■ GOAL OF THE EXERCISE ■
Once the line holding "Весы для еды" appears, repeat it and each line after it to the end of the data, exactly and with nothing else; pictures stay out.

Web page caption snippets
----
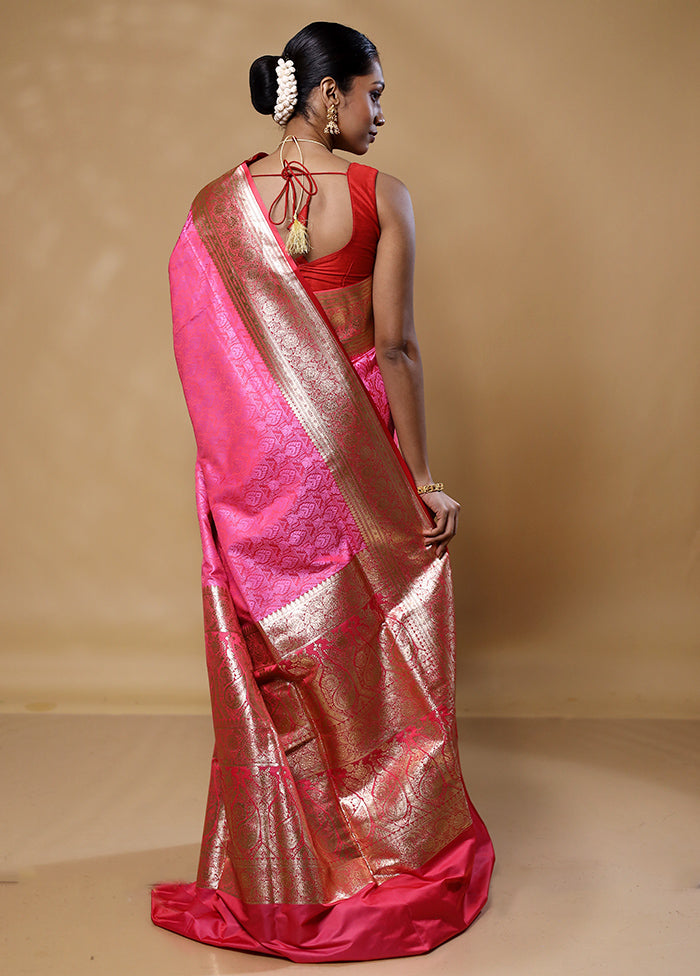 Pink Tanchoi Silk Saree With Blouse Piece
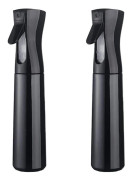 Set med 2 hårsprayflaskor, tom kontinuerlig vattensprayflaska, finsprayflaska, 300 ml (svart)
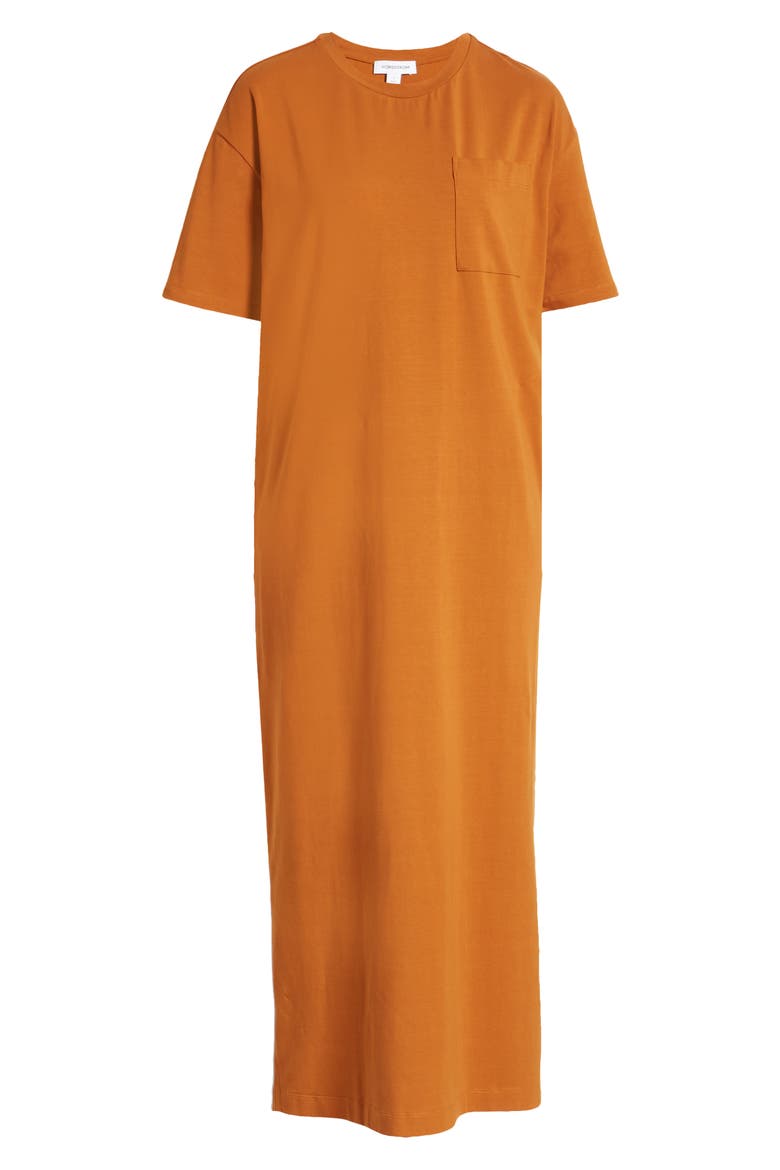 T-Shirt Maxi Dress, Alternate, color, RUST GINGER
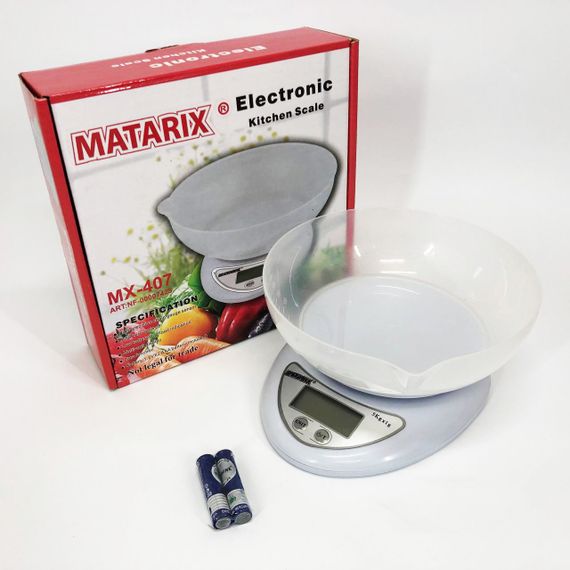 Весы для еды с чашей Matarix MX-407 5 кг, Весы для кулинара еды кухонные AO-88 | Зображення 6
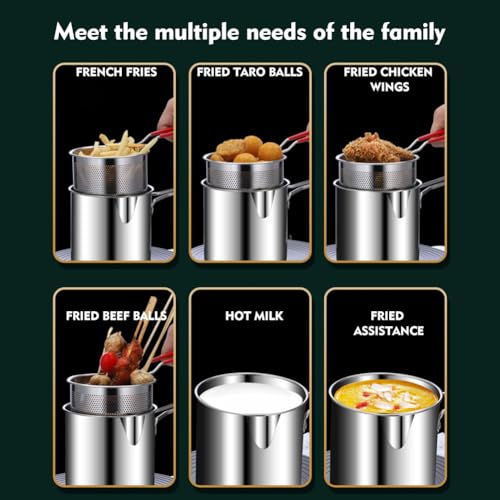 304 Stainless Steel Deep Fryer Pot with Basket, Stove Top Deep Fryer with Easy Grip Handle, Large Capacity Multifunctional Oil Strainer Pot For Frying Fish Shrimp Fries Chicken(Silver)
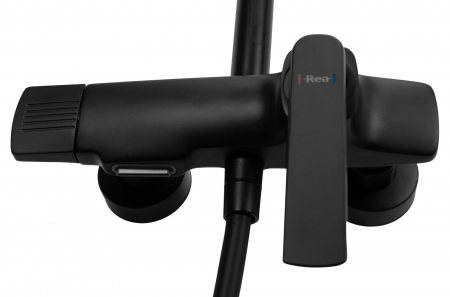Set de dus Rebel Black Matt, anti calcar, negru, montaj pe perete [1]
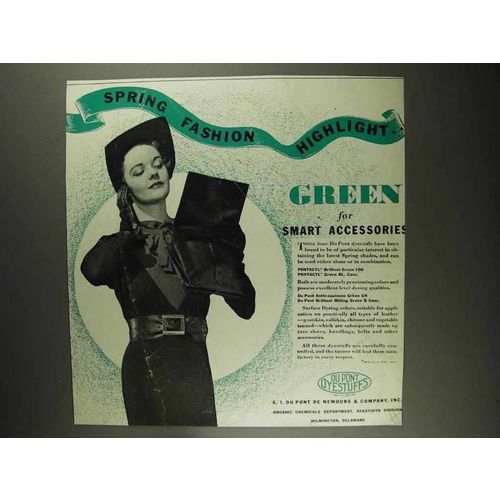 1936 Du Pont Dyestuffs Ad - Pontacyl Brilliant Green
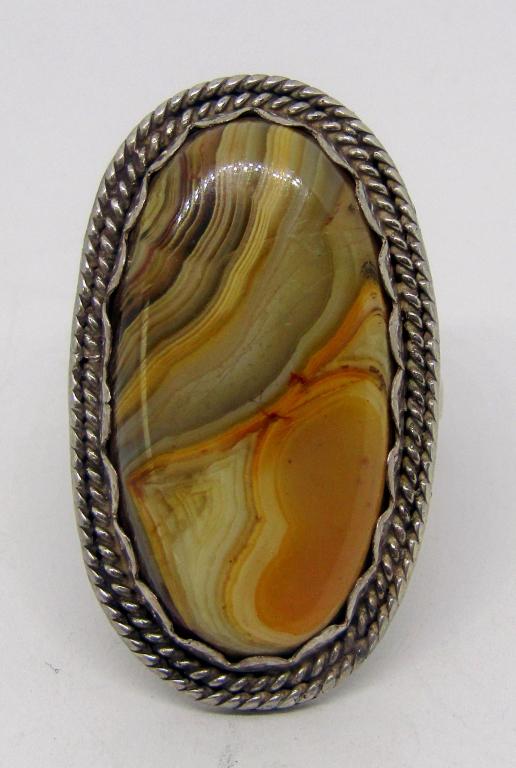 SIZE 10.5 NAVAJO STERLING RING WITH BROWN: MARBLE POLISHED NATURAL STONE CENTER-TOTAL 9.9 DWT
----
■ TASK ANSWER ■
 Весы для еды с чашей Matarix MX-407 5 кг, Весы для кулинара еды кухонные AO-88 | Зображення 6
 304 Stainless Steel Deep Fryer Pot with Basket, Stove Top Deep Fryer with Easy Grip Handle, Large Capacity Multifunctional Oil Strainer Pot For Frying Fish Shrimp Fries Chicken(Silver)
Set de dus Rebel Black Matt, anti calcar, negru, montaj pe perete [1]
 1936 Du Pont Dyestuffs Ad - Pontacyl Brilliant Green
 SIZE 10.5 NAVAJO STERLING RING WITH BROWN: MARBLE POLISHED NATURAL STONE CENTER-TOTAL 9.9 DWT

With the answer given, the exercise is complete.